Partnering with manufacturers also enables a project to take predicted amounts of rainfall into consideration. While most rainfall events in the UK comprise less than 5mm of precipitation and can be controlled adequately by traditional systems, the increasing frequency of extreme weather means that any flood risk must be taken into account.
Severe rainfall and consequent flooding may compromise the integrity of a building’s above- and below-ground drainage, damaging the property, roads, cars and the surrounding area. However, by working with specialist manufacturers these issues can be avoided, for example with the installation of green and living roofs, which are now being incorporated into local authorities’ strategic flood risk assessment plans.
The most effective way to counteract any potential complications is to factor all possibilities in at the design stage of the project. Working with experts in air and water movement in tall buildings will ensure that the selected systems are appropriate for the project, as well as reducing the time and staff required for installation.

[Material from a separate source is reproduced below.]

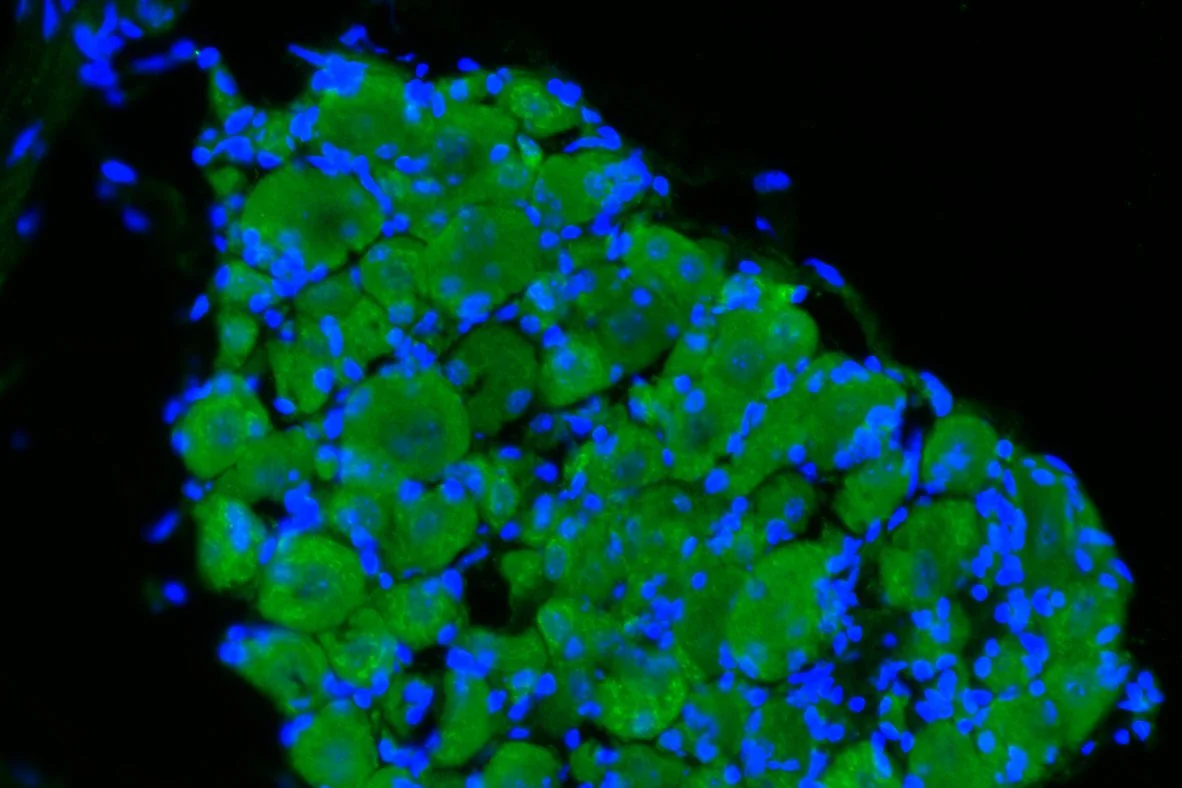 DRG Slice_Mu Opioid Receptor with DAPI_2.jpg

Each project will have its own complications and consequent solutions. When fitting complicated drainage in a building, incorporating a manufacturing partner from the consultation stage to design, manufacture and installation ensures that experts are on hand through to project completion.
With each additional storey of a building come additional complexities and challenges, and the correct product needs to be specified accordingly. If a building will be used primarily at night and the comfort of residents is the key consideration, as in residential towers, student accommodation and hotels, then acoustic – that is, more extensively soundproofed – soil and waste drainage may be deemed necessary.

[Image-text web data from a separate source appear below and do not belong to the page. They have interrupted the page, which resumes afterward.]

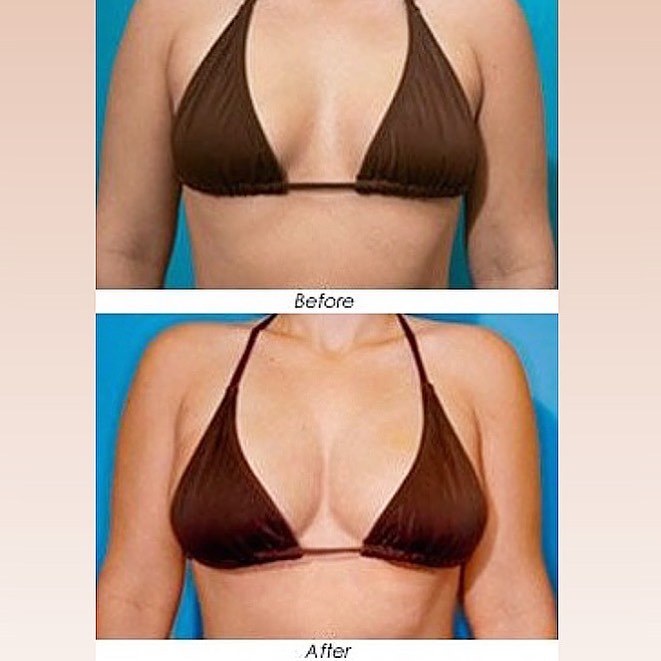 Instagram post by Dr. Todd Malan: Why get implants when you can have an all-natural breast augmentation using unwanted fat and stem cells from your own body? Fat transfer bre…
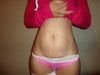 1 day before surgery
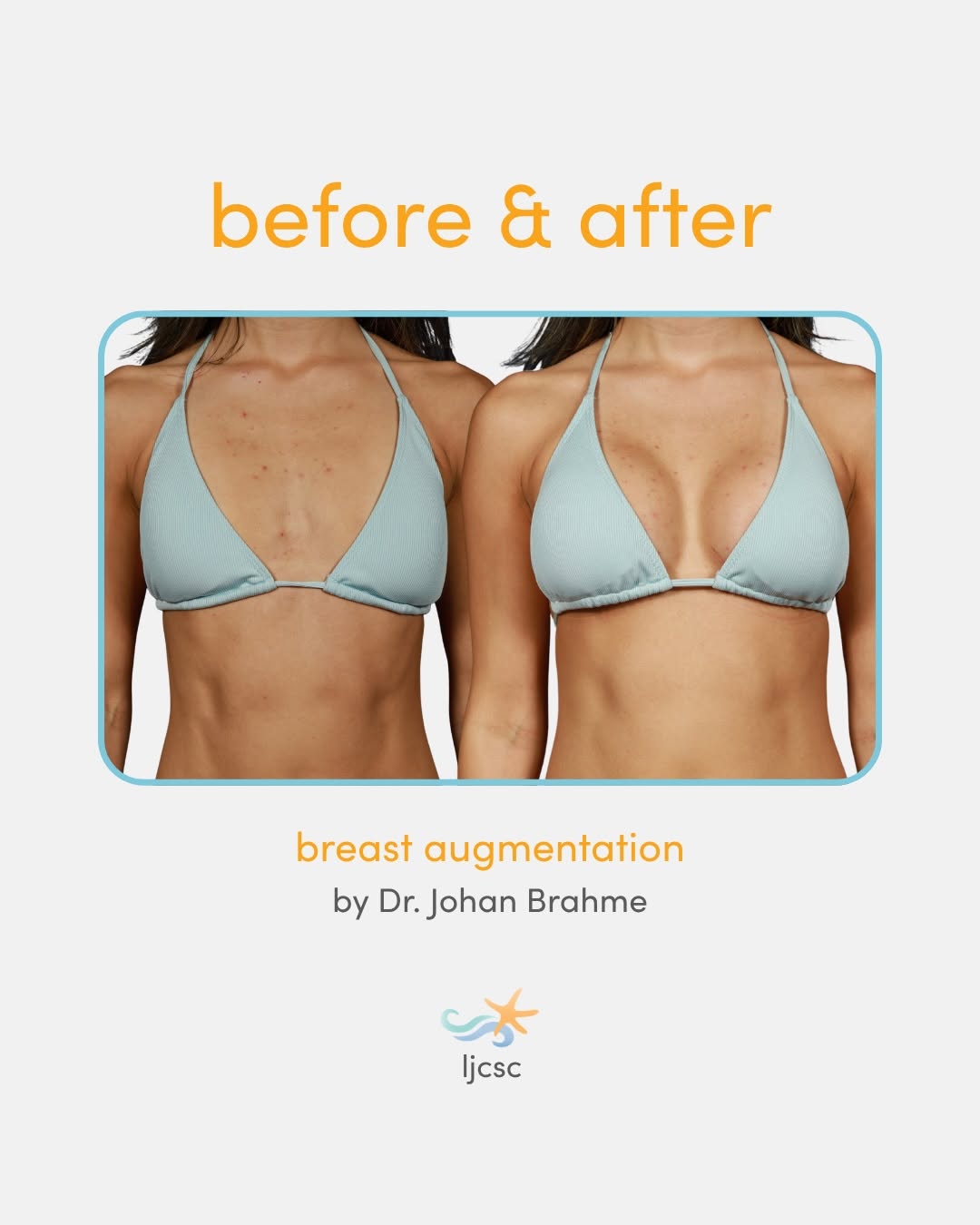 Instagram post by Dr. Luke Swistun: Volume restored. Confidence renewed. ✨ Dr. Brahme combined a breast augmentation + lift to bring back the shape she’d been missing. 🙌 📲 Bo…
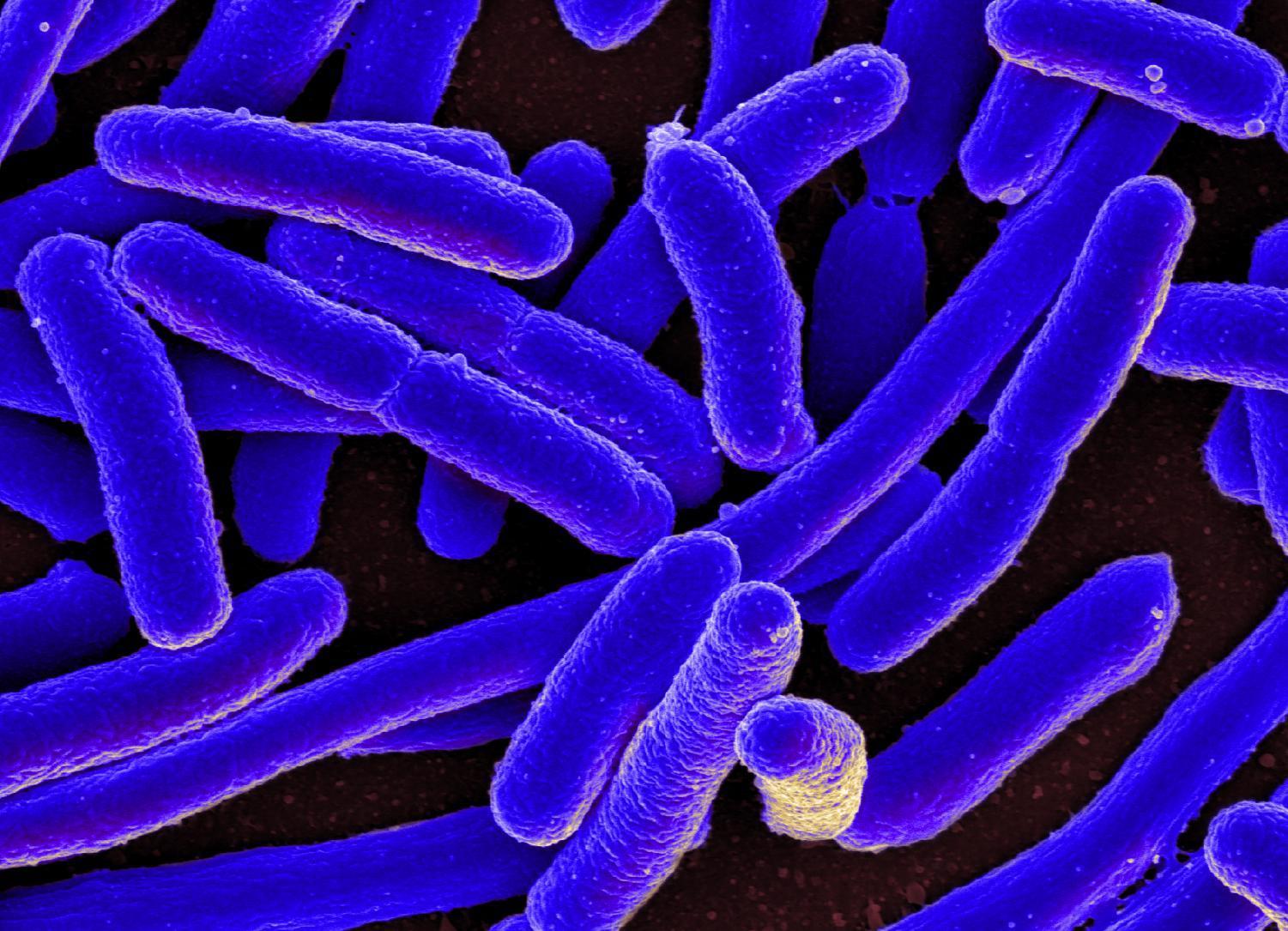 e-coli_wikimedia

With triple-layer pipes developed from co-polymer polypropylene and acoustically engineered fittings, the transmission of airborne noise through the building structure is limited. Office blocks, however, may be more suited to a system made from high-density polyethylene with strong resistance to abrasion, chemicals and temperature.
Once the system design has been finalised, working with a manufacturer that offers a fabrication service means that drainage stacks and products can be made specifically to the particular standards required on each project.
Figure 2: Using a fabrication service means products are provided and installed to the exact specification
Simplifying on-site connections, air-testing drainage stacks in advance and reducing on-site waste means installation time is reduced, drainage systems are more reliable and the product meets the project’s exact requirements.
With the construction industry shedding 343,000 jobs since the financial crisis in 2007 and an estimated 400,000 staff to be lost to retirement in the next decade, architects and surveyors are continually looking at ways to reduce labour time and demand for human resources. Using off-site construction is one of the easiest ways to do this, and is particularly effective in the manufacture and installation of drainage.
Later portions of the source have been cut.